2.8 milyon kişi yeni kredi almış.
Bir normal ev almak, diyelim ki fiyatı 100.000 TL olan bir ev için konut kredisi kullanılsa vadelere göre şu borçlar çıkıyor. 60 ay vadede aylık 2.2 bin lira, 84 ayda 1.7 bin lira faiz dahil taksit ödenmesi gerekiyor.
50 bin liralık bir araç almak için kullanılacak kredi 36 ay vadede 1.8 bin lira aylık ödeme yapmak zorundasınız. 48 ay vadede bu rakam 1.5 bin lira oluyor.
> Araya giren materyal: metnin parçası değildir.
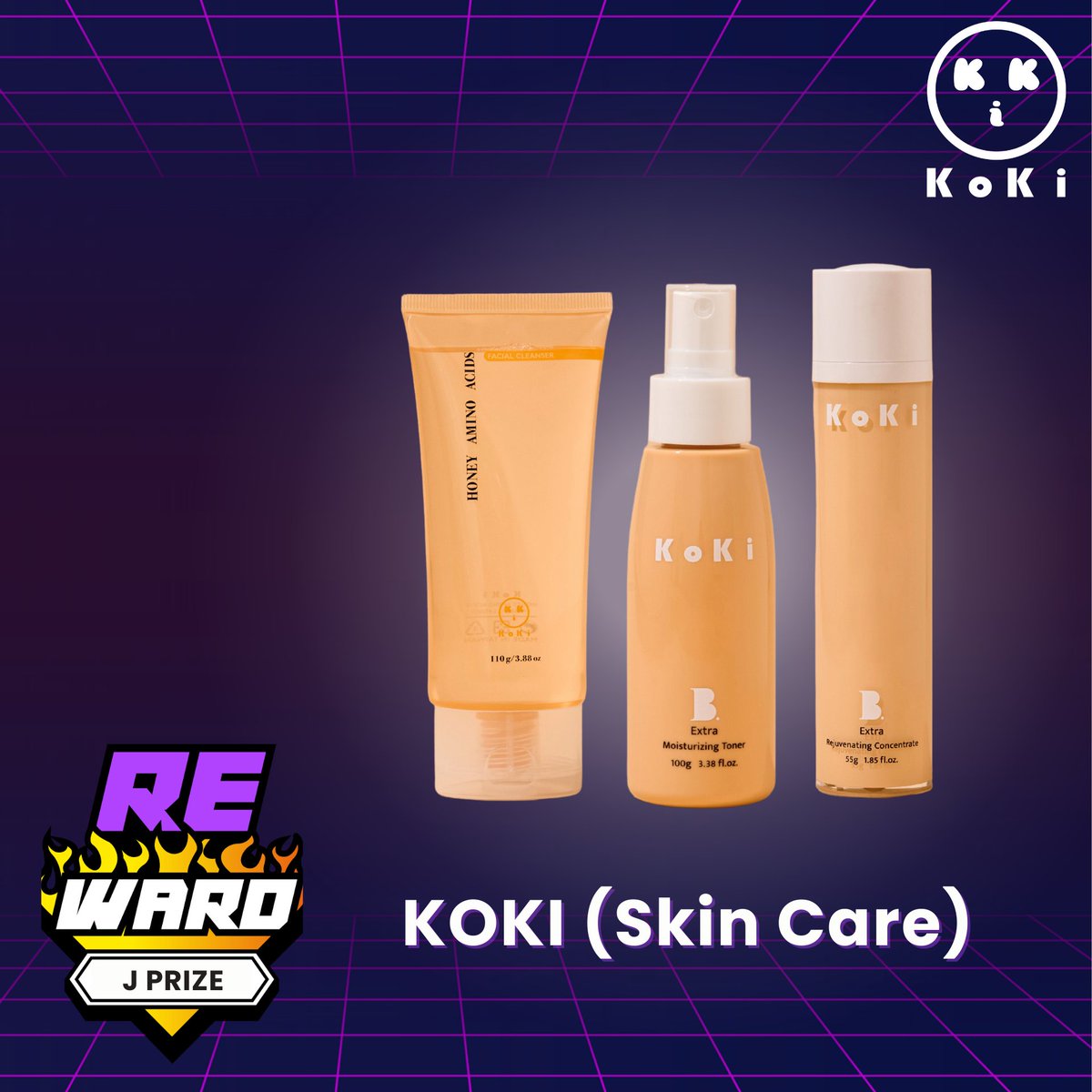 TheRemade_'s tweet photo. The J Prize: KOKI skincare set provided by our holder @kook22947990
#KOKI 's store in Taipei's Zhongshan District, offers acne treatment, ear & eye spa, and more.
The set includes cleansing foam, moisturizing mist, and essence lotion – perfect for radiant skin! 🌟
#RNFT #Echiban https://t.co/Dyf3vt9drt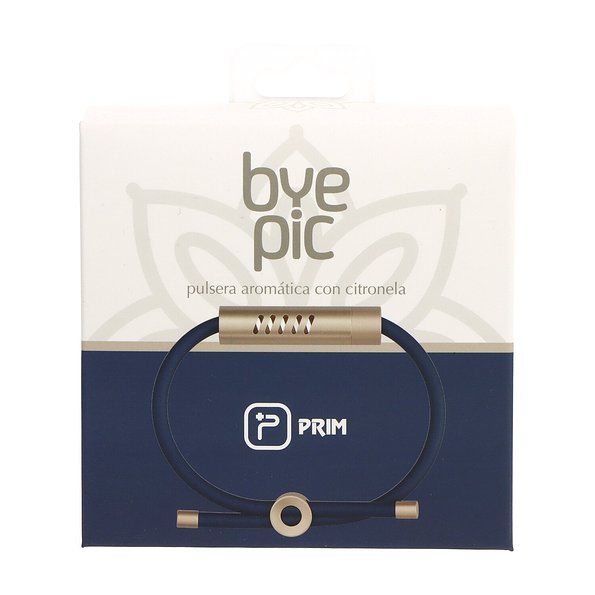 Pulseira Repelente Essência Natural Citronela - BYE PIC Adulto (Azul marinho)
Bu taksitleri ödemek için en az gelirinizin 3-4 bin lira civarında olması lazım. Dolayısıyla kişi başına düşen borç tutarı ve vadeleri dikkate alınca bunun ödenmesi hususunda bizim milletimizin sihirbaz olduğunu veya dünyanın en büyük finans dâhileri sınıfına girdiğini düşünüyorsunuz.
ŞİRKETLERİN BORÇLANMASI
Ticari faaliyette bulunan firmaların borçlanmaları işletme sermayesi için bankalardan aldıkları yatırım, işletme kredileri almakla oluyor. Bazı büyük firmalar tahvil ihraç ederek borçlanabiliyorlar.
Ama bu borçlanmalarına büyük çoğunlukla kişisel ve şirketin taşınmaz varlıklarını teminat gösteriyor. Türkiye’de toprağın büyük bölümü bankalara ipotekli.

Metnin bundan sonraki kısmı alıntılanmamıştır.